Patchwork [PR,debug/47106] account used vars only once

login
register
mail settings
Submitter Alexandre Oliva
Date Jan. 6, 2011, 10:11 a.m.
Message ID <or8vyy2vgb.fsf@livre.localdomain>
Download mbox | patch
Permalink /patch/77699/
State New
Headers show

Comments

Alexandre Oliva - Jan. 6, 2011, 10:11 a.m.
This -fcompare-debug failure occurs because we remove variables from the
lexical blocks in the compilation without debug info, but we account the
stack space they won't use in the compilation with debug info, which
leads to different inlining decisions when stack-growth limits are set.

It turns out that the use of TREE_USED in the stack frame size
estimation functions seems to be misguided: we initially set it for all
local decls that don't appear in lexical blocks (not shown in patch),
then account the size of all LOCAL_DECLs that have it set (which means
accounting only those that don't appear in lexical blocks), set it on
all LOCAL_DECLs, and then account the size of decls in lexical blocks if
they have TREE_USED (which means accounting only those that are in
LOCAL_DECLs, not accounting those that aren't).

I fixed it so that we leave TREE_USED alone after initialization: we
account variables that aren't in lexical blocks while looping over
LOCAL_DECLs, and then account all variables in lexical blocks, as long
as they are actually used, which avoids accounting declarations retained
only for purposes of debug information generation.

I suppose restoring the assignment and test of TREE_USED would also
work, but AFAICT it would just waste CPU cycles.
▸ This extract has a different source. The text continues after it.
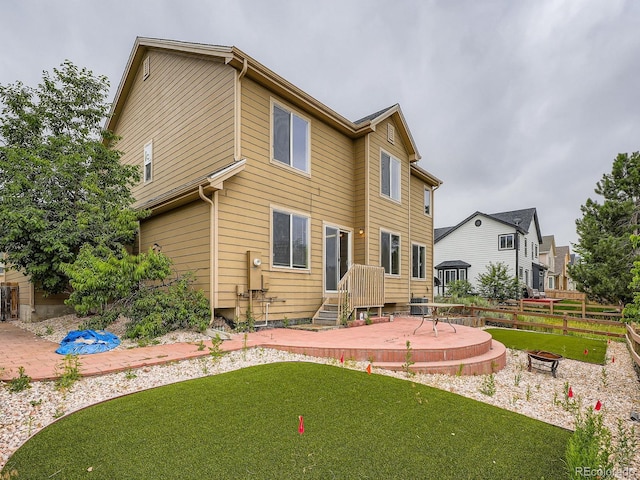 5553 Jasper St, Denver, CO 80239 - rear view of property featuring a patio area and an outdoor fire pit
This was regstrapped on x86_{32,64}-linux-gnu.  I also bootstrapped it
with BOOT_CFLAGS='-O2 -g -fpartial-inlining -flto -fconserve-stack', and
regstrapping succeeded except for gfortran.dg/realloc_on_assign_2.exe at
all torture levels: stage3 f951 fails to compile it, although a
non-bootstrap f951 does, on both x86_{32,64}.  From that I concluded
that stage[23]s are miscompiled with these BOOT_CFLAGS above, even
before my patch, but I haven't debugged or investigated that any
further.

Ok to install?
Richard Guenther - Jan. 10, 2011, 3:22 p.m.
On Thu, Jan 6, 2011 at 11:11 AM, Alexandre Oliva <aoliva@redhat.com> wrote:
> This -fcompare-debug failure occurs because we remove variables from the
> lexical blocks in the compilation without debug info, but we account the
> stack space they won't use in the compilation with debug info, which
> leads to different inlining decisions when stack-growth limits are set.
>
> It turns out that the use of TREE_USED in the stack frame size
> estimation functions seems to be misguided: we initially set it for all
> local decls that don't appear in lexical blocks (not shown in patch),
> then account the size of all LOCAL_DECLs that have it set (which means
> accounting only those that don't appear in lexical blocks), set it on
> all LOCAL_DECLs, and then account the size of decls in lexical blocks if
> they have TREE_USED (which means accounting only those that are in
> LOCAL_DECLs, not accounting those that aren't).
>
> I fixed it so that we leave TREE_USED alone after initialization: we
> account variables that aren't in lexical blocks while looping over
> LOCAL_DECLs, and then account all variables in lexical blocks, as long
> as they are actually used, which avoids accounting declarations retained
> only for purposes of debug information generation.
>
> I suppose restoring the assignment and test of TREE_USED would also
> work, but AFAICT it would just waste CPU cycles.
>
> This was regstrapped on x86_{32,64}-linux-gnu.  I also bootstrapped it
> with BOOT_CFLAGS='-O2 -g -fpartial-inlining -flto -fconserve-stack', and
> regstrapping succeeded except for gfortran.dg/realloc_on_assign_2.exe at
> all torture levels: stage3 f951 fails to compile it, although a
> non-bootstrap f951 does, on both x86_{32,64}.  From that I concluded
> that stage[23]s are miscompiled with these BOOT_CFLAGS above, even
> before my patch, but I haven't debugged or investigated that any
> further.
>
> Ok to install?

It looks ok when just looking at the documentation of the var_ann
used filed, but I cannot find the code that computes it during
out-of-SSA, instead do we rely on remove-unused-locals computing it?
Are we sure that we at least
run local vars removal once before we estimated stack frame
size the first time - I see pass_inline_parameters before the
first run?  All variables are initially created with used
set to false (which is a non-conservative default, likely false
even).  I guess I'm more happy with the patch if you switch the
initialization in create_var_ann to mark the variable used.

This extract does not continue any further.